This Supplement is supplemental to, and should be read in conjunction with, the Offering Memorandum and the documents incorporated by reference therein.
Each of the Issuers and the Guarantor accepts responsibility for the information contained in this Supplement. To the best of the knowledge of each of the Issuers and the Guarantor (each having taken all reasonable care to ensure that such is the case) such information is in accordance with the facts and does not omit anything likely to affect the import of such information.
The purpose of this Supplement is to provide prospective investors in Notes issued under the Program with the disclosure set out under the heading "Large Exposure Regime" below in relation to changes to the Financial Services Authority's large exposure regime which will be effective from July 1, 2011.
On July 1, 2011, The Royal Bank of Scotland plc will become subject to changes to the Financial Services Authority's large exposure regime. Under the changes to the large exposure regime, any company which is less than 100% owned by The Royal Bank of Scotland Group plc will be classified as a Connected Counterparty. The Royal Bank of Scotland N.V., which is currently approximately 98% indirectly owned by The Royal Bank of Scotland Group plc, will therefore be classified as a Connected Counterparty, which will result in a breach by The Royal Bank of Scotland plc of the amended rules under the large exposure regime described above.

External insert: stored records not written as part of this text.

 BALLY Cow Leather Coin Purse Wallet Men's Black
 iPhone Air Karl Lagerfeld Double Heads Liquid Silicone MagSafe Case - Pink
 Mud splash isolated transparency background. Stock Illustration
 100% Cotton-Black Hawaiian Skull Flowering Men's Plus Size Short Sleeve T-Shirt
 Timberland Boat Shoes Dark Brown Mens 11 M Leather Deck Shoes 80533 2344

On April 19, 2011, The Royal Bank of Scotland Group plc announced the proposed transfers of a substantial part of the business activities of The Royal Bank of Scotland N.V. to The Royal Bank of Scotland plc which, subject to certain conditions, are expected to be implemented on a phased basis over a period ending December 31, 2013. Those proposed transfers will also form the basis of a remediation plan which has been agreed with the Financial Services Authority to enable The Royal Bank of Scotland plc over time to become compliant with the changes to the large exposures regime.
The Issuers do not expect this to have a material adverse effect on the Group.
To the extent that there is any inconsistency between any statement in the Offering Memorandum by virtue of this Supplement and any other statement in or incorporated by reference in the Offering Memorandum, the statements in the Offering Memorandum by virtue of this Supplement will prevail.
Save as disclosed in this Supplement, no other significant new factor, material mistake or inaccuracy relating to information included in the Offering Memorandum has arisen or been noted, as the case may be, since the publication of the Offering Memorandum.
Investors should be aware of their rights under Section 87Q(4) of the FSMA.